She was still camped in the sand sea to the west of the northern caravan route, in case the alžayn should return, but her son had ridden through the kel Hàhlé town on one final, triumphal sweep of the southern desert and he told her the news over dates from the tree that was the sole green thing for miles in any direction.
“She came with a Dorikan caravan,” he reported. “But she stayed when the caravan went back to the Ten Cities. She’s pretty, they say.” He gave a complicated shrug. “The Dorikans at Teleleiyya say white hair on a young woman marks a magic worker. Do you know why?”

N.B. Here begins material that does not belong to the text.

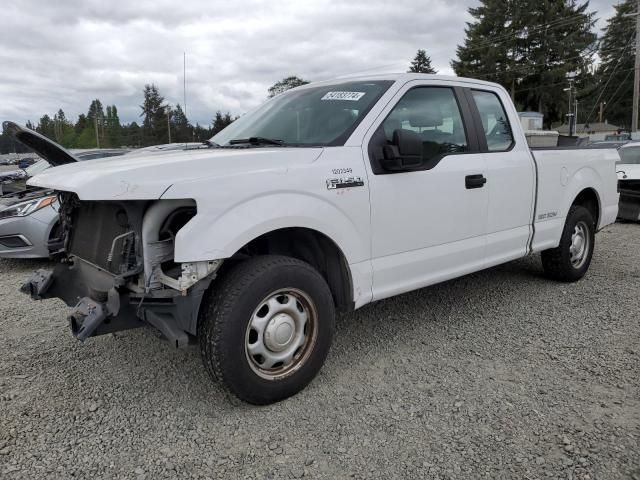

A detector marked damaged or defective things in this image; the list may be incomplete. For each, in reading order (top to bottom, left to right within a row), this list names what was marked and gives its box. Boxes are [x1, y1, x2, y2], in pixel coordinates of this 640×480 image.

broken hood [2, 122, 78, 167]
broken hood [25, 145, 324, 200]
damaged front end [21, 193, 222, 346]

Takaleyel stirred the fire with the butt of her spear. Around her camp, the horses moved and muttered. “No.”
She would have looked up at the stars for a map, but she knew already that the stars above only mapped the contours of the wilderness below. What she needed was a map of time, specifically of the time to come. She knew what her riders were going to say when she told them what the alžayn had said. It wasn’t going to be helpful.
A greenland witch, she thought. There might be something in that.
Her son plucked at his blue veil and grinned at her over it. “Did you find water?” he said eagerly. “Did El speak to you?”
“No. Something else happened.”
“Are we going to fight the kel Zaïer now?”
“Not yet. I have to do something first.”
“What?”
“I have to kill the dragon,” Takaleyel said. “But before that, I’m going to Teleleiyya. I want to see this white-haired witch of yours.”
The alžayn’s words rattled in Takaleyel’s head on the way to Teleleiyya.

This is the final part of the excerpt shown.